Autoimmune hepatitis (AIH) is a chronic condition and can result in cirrhosis (scarring) of the liver and (ultimately) liver failure. AIH is a disease in which the body’s immune system attacks liver cells, causing inflammation of the liver (hepatitis). It is formerly called lupoid hepatitis. AIH has an incidence of 1-2 per 100,000 per year and a prevalence of 10-20/100,000. As with most other autoimmune diseases, it affects women much more often than men (70%). Liver enzymes are elevated, as may be bilirubin.
There are two major types of autoimmune hepatitis, and both are rare. Type 1 is the more common of the two. People are more likely to get it if they are a woman age 15 to 40, although people of any age or gender can get it. Type 2 usually happens to girl’s age 2 to 14.
Autoimmune hepatitis is an uncommon cause of persistent liver inflammation (chronic hepatitis). The cause is not known. If left untreated, the inflammation causes scarring of the liver (cirrhosis). However, with treatment, the outlook for people with this condition is very good. Treatment is usually with steroids and other medicines which suppress inflammation.
Causes, Sign, and Symptoms of Autoimmune Hepatitis
The cause is not clear. It is thought to be an autoimmune disease. Our immune system normally defends us against infection from bacteria, viruses and other germs. In people with autoimmune diseases, the immune system attacks part or parts of the body as if they were foreign. This causes inflammation and may damage the affected part or parts of the body.

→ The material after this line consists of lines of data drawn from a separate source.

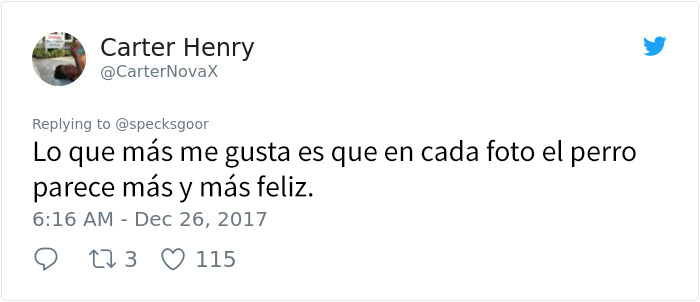 abueloperro-8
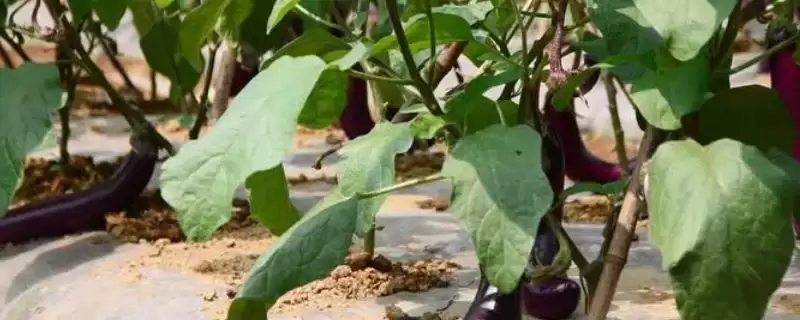 茄子打底叶时间秘籍：门茄2-3厘米左右第一次的要点-会东网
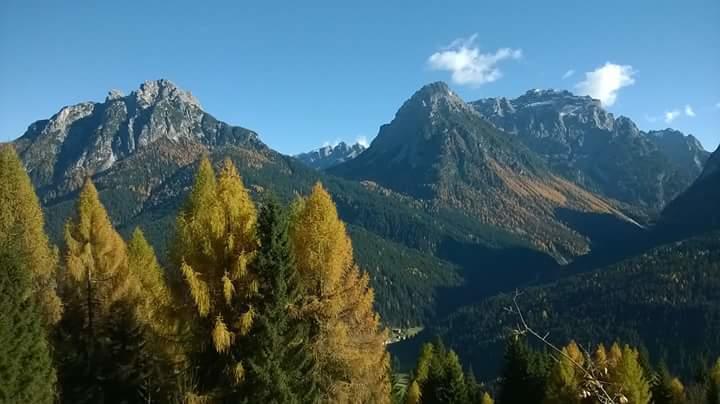 Appartamenti Patrizia San Pietro di Cadore Δωμάτιο φωτογραφία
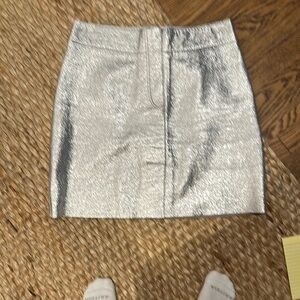 Silver Metallic Skirt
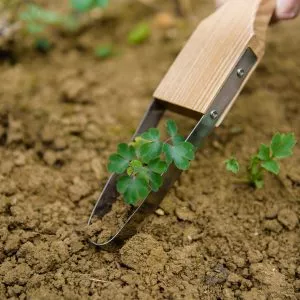 Kent & Stowe Stainless Steel Hand Loop Weeder in soil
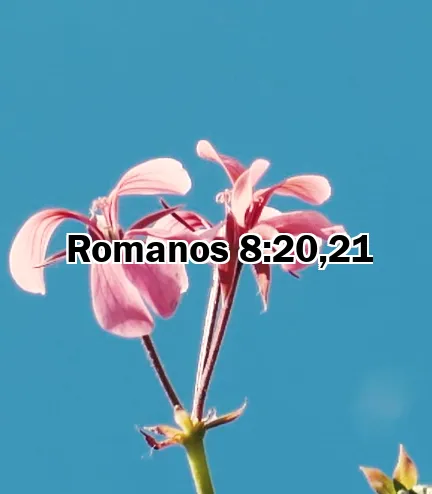 Romanos 8:20,21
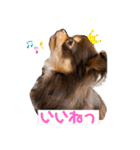 かわいい犬 チワワのマハロくん1（個別スタンプ：7）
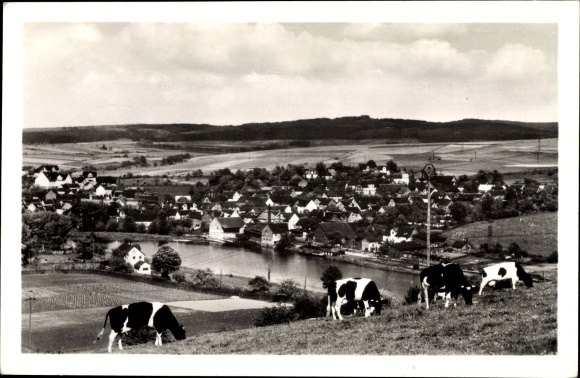 Postcard Guxhagen in Hesse, general view, cows graze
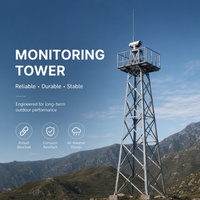 Torre de Vigilancia Galvanizada por Inmersión en Caliente Resistente a la Intemperie para Seguridad en Zonas Costeras y Montaje de Cámaras en Parques Industriales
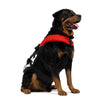 EzyDog Standard Dog Floatation Vest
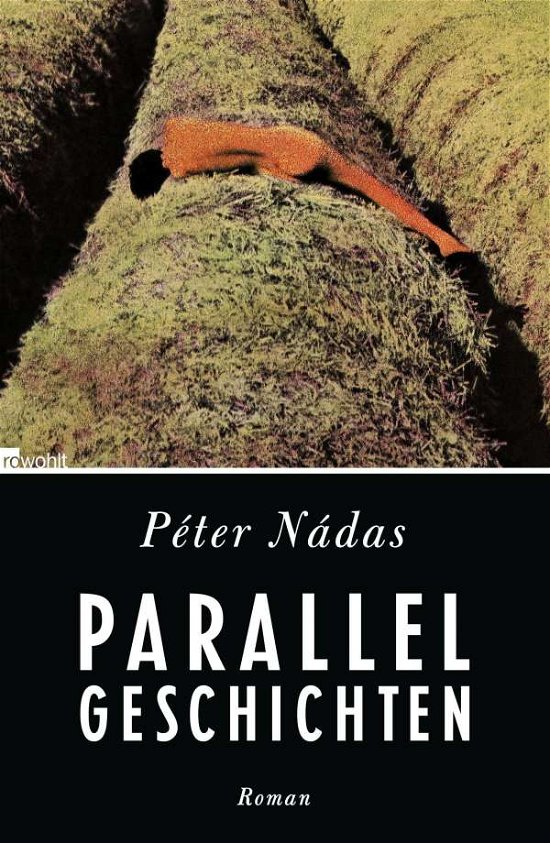 Cover for Nádas · Parallelgeschichten (Book)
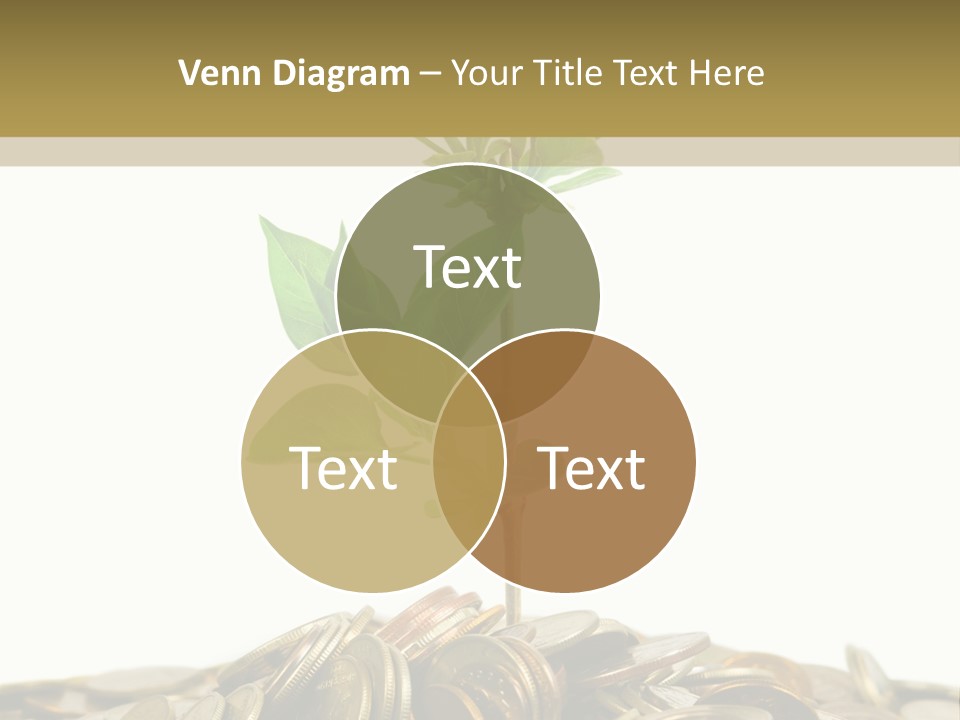 Coins And Plant, Isolated On White Background PowerPoint Template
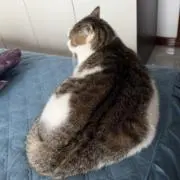 うりの画像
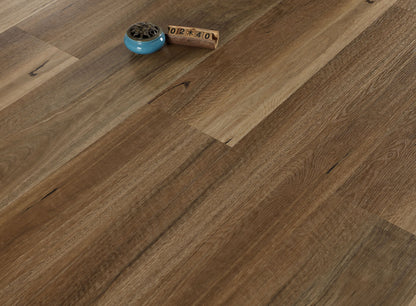 QUEENSLAND SPOTTED GUM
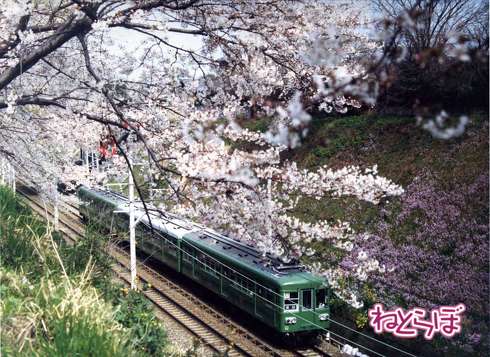 完乗 全線完乗 全線踏破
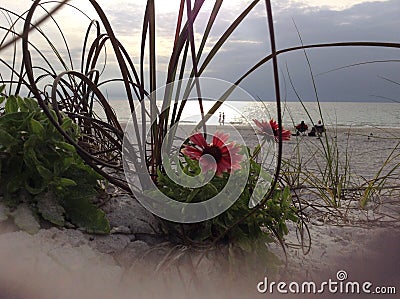 Flower grass sand and the beach Editorial Stock Photo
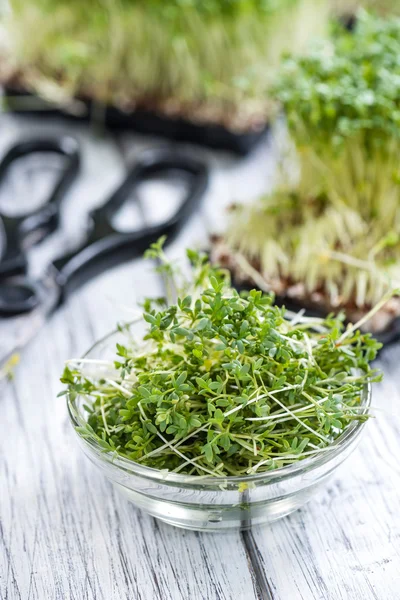 Verse Cress op tafel — Stockfoto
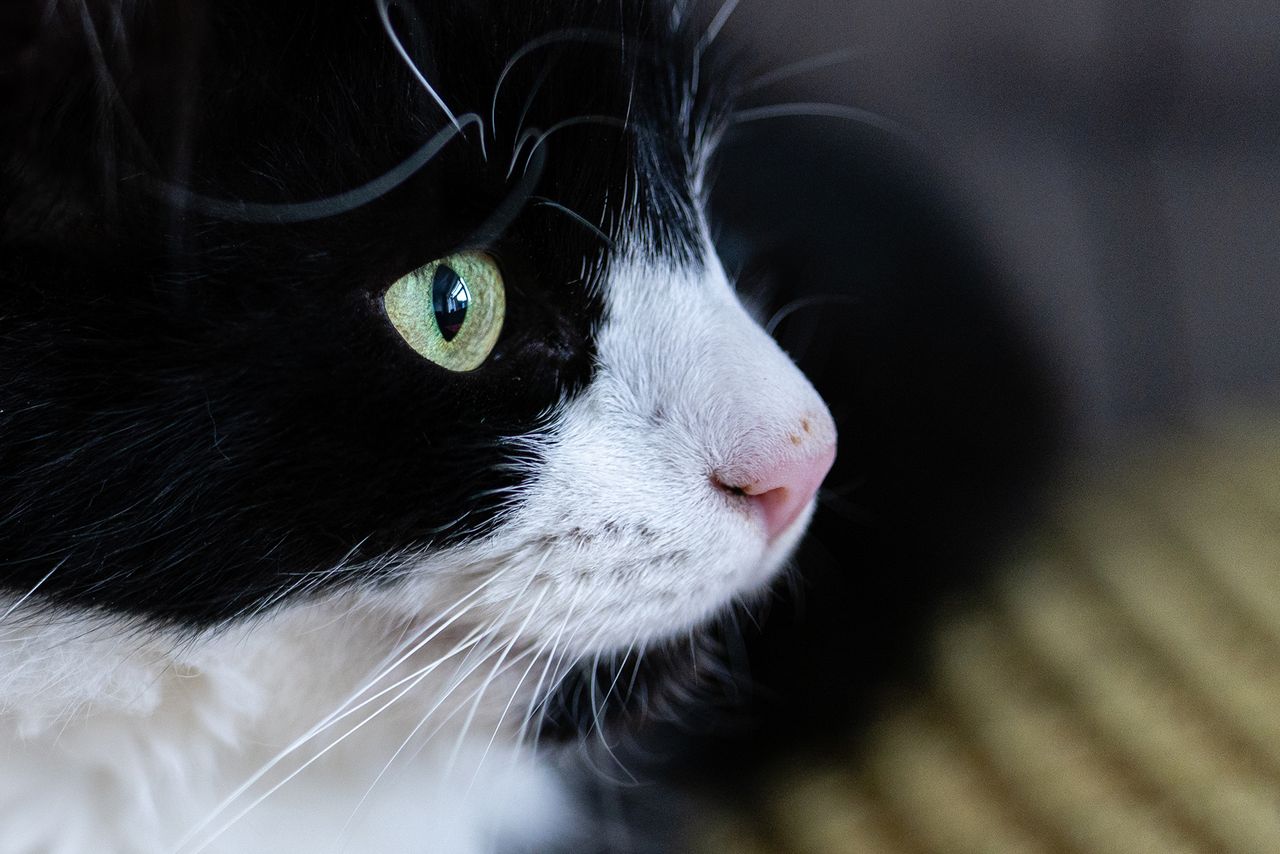 Close-up of a cat using the Sony FE 50mm F/1.4GM
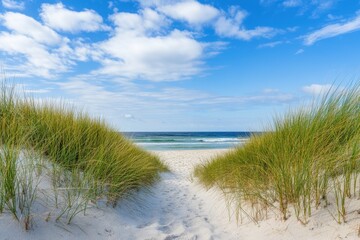 Sandy path through dune grass leading to the ocean.
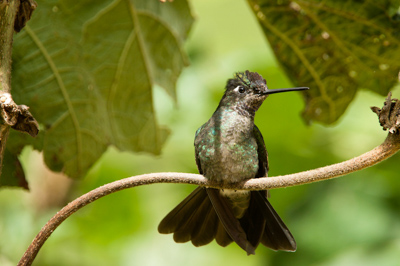 Les oiseaux des montagnes du Costa Rica. Photographies par Amar Guillen.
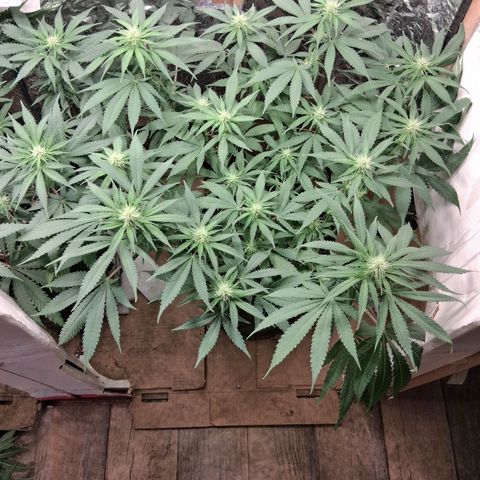 3 Critical Orange Punch growlog timeline photo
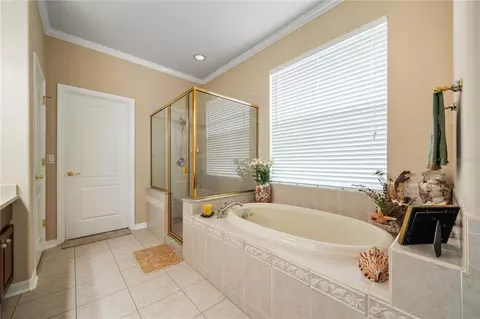 Bath - 11610 Grove Arcade Dr, Riverview, FL 33569 photo 5 of 5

60% of patients have chronic hepatitis that may mimic viral hepatitis, but without serologic evidence of a viral infection. The disease is strongly associated with anti-smooth muscle autoantibodies. There is currently no conclusive evidence as to any specific cause. However, certain risk factors have been identified, including:
- a family history of AIH
- being female
- a history of bacterial or viral infections
- the use of certain medications, such as minocycline
Other autoimmune conditions can cause symptoms of liver disease and are also associated with the development of autoimmune hepatitis (AIH).
Symptoms of Autoimmune hepatitis (AIH) range from mild to severe. In the early stages, people may have no symptoms, but in later stages, symptoms can appear suddenly. They may also slowly develop over time.
AIH symptoms include:
- enlarged liver (hepatomegaly)
- abnormal blood vessels on the skin (spider angiomas)
- abdominal distention (swelling)
- dark urine
- pale-colored stools
Additional symptoms that may occur include:
- yellowing of the skin and eyes (jaundice)
- itching caused by a build-up of toxins and bile
- loss of appetite
- joint pain
- abdominal discomfort
In some cases, the symptoms develop quickly over a few days with an acute hepatitis. In some of these cases, acute hepatitis settles down to the more common type of chronic hepatitis. In some cases, acute hepatitis becomes severe and rapidly leads to liver failure.
Diagnosis and Treatment of Autoimmune Hepatitis
Many people with autoimmune hepatitis have no symptoms, or only vague symptoms, for quite some time in the early stages of the disease. Therefore, the diagnosis is often made when people have tests for an unrelated condition. A number of specific antibodies found in the blood (antinuclear antibody (ANA), anti-smooth muscle antibody (SMA), anti-liver kidney microsomal antibodies (LKM-1, LKM-2, LKM-3), anti soluble liver antigen (SLA), liver–pancreas antigen (LP), and anti-mitochondrial antibody (AMA)) are of use, as is finding an increased Immunoglobulin G level. However, the diagnosis of autoimmune hepatitis always requires a liver biopsy. Various tests may also be done to rule out other liver disorders such as viral hepatitis.
Treatment is almost always needed. Early treatment can improve symptoms, reduce the risk of complications, and also greatly improve patient’s outlook. According to the National Digestive Diseases Information Clearinghouse, 70 percent of AIH patients will go into remission. Budesonide has been shown to be more effective in inducing remission than prednisone, and result in fewer adverse effects. Those with autoimmune hepatitis who do not respond to glucocorticoids and azathioprine may be given other immunosuppressives like mycophenolate, ciclosporin, tacrolimus, methotrexate, etc. Liver transplantation can treat AIH. However, the disease can sometimes recur even after a transplant. According to the National Digestive Diseases Information Clearinghouse (NDDIC), there is a 90 percent one-year survival rate for patients who have a transplant. The five-year survival rate is 70 to 80 percent.